A common myth, promoted by the rich, is that wealth is produced individually before it is collectivised by the state, through taxation. In fact, wealth was always produced collectively and privatised by those with the power to do it: the propertied class. Farmland and seeds, pre-modern forms of capital, were collectively developed through generations of peasant endeavour that landlords appropriated by stealth. Today, every smartphone comprises components developed by some government grant, or through the commons of pooled ideas, for which no dividends have ever been paid to society.
So how should society be compensated? Taxation is the wrong answer. Corporations pay taxes in exchange for services the state provides them, not for capital injections that must yield dividends. There is thus a strong case that the commons have a right to a share of the capital stock, and associated dividends, reflecting society’s investment in corporations’ capital. And, because it is impossible to calculate the size of state and social capital crystallised in any firm, we can decide how much of its capital stock the public should own only by means of a political mechanism.
A simple policy would be to enact legislation requiring that a percentage of capital stock (shares) from every initial public offering (IPO) be channelled into a Commons Capital Depository, with the associated dividends funding a universal basic dividend (UBD). This UBD should, and can be, entirely independent of welfare payments, unemployment insurance and so forth, thus ameliorating the concern that it would replace the welfare state, which embodies the concept of reciprocity between waged workers and the unemployed.

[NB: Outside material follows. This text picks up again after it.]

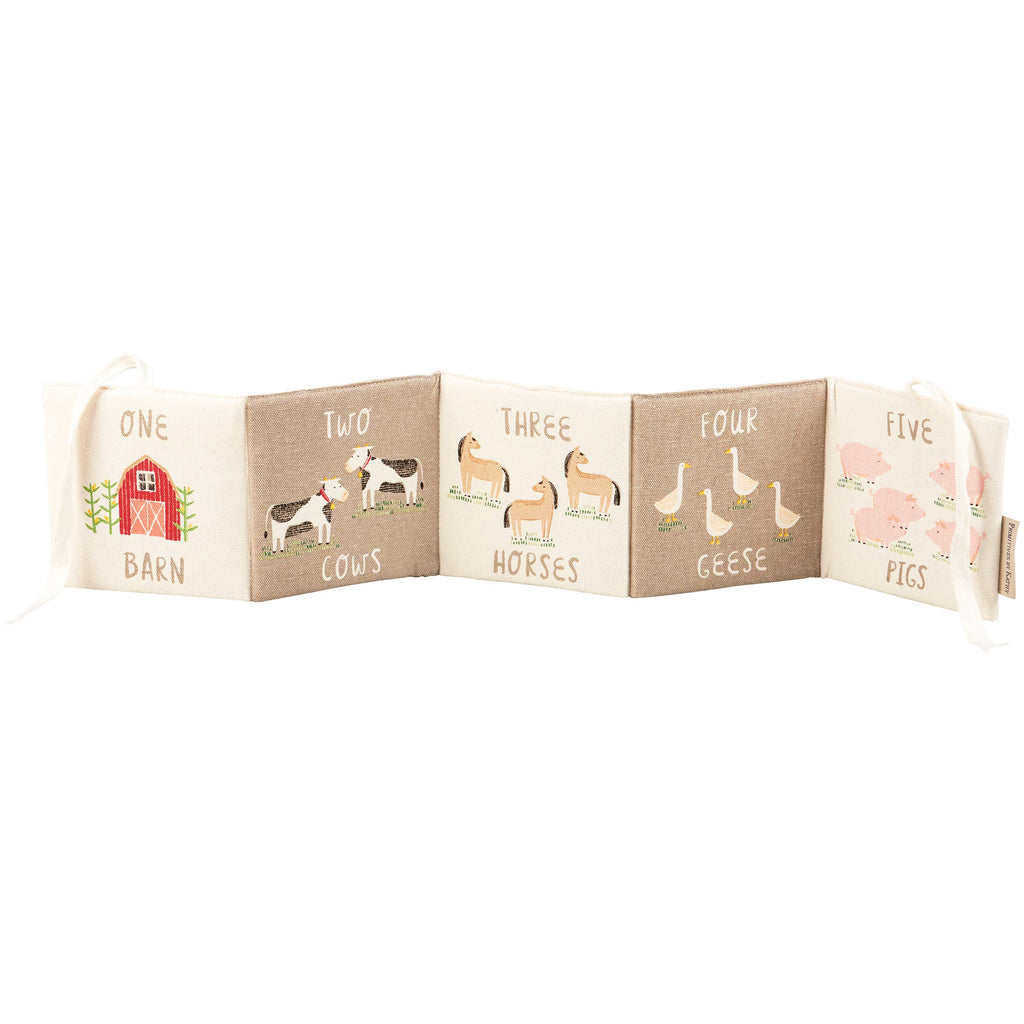 The Little Farm Soft Book features embroidered farm animals and numbers—one barn, two cows, three horses, four geese, five pigs—plus charming text and illustrations. A delightful farm-themed gift for infants.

Fear of machines that can liberate us from drudgery is a symptom of a timid and divided society. The Luddites are among the most misunderstood historical actors. Their vandalism of machinery was a protest not against automation, but against social arrangements that deprived them of life prospects in the face of technological innovation. Our societies must embrace the rise of the machines, but ensure that they contribute to shared prosperity by granting every citizen property rights over them, yielding a UBD.
A universal basic income allows for new understandings of liberty and equality that bridge hitherto irreconcilable political blocs, while stabilising society and reinvigorating the notion of shared prosperity in the face of otherwise destabilising technological innovation. Disagreements of course will continue; but they will be about issues such as the proportion of company shares that should go to the Depository, how much welfare support and unemployment insurance should be layered on top of the UBD, and the content of labour contracts.
Anyone still not reconciled to the idea of “something for nothing” should ask a few simple questions: Would I not want my children to have a small trust fund that shields them from the fear of destitution and allows them to invest fearlessly in their real talents? Would their peace of mind render them lazy layabouts? If not, what is the moral basis for denying all children the same advantage? – Project Syndicate

* Yanis Varoufakis, a former finance minister of Greece, is professor of economics at the University of Athens.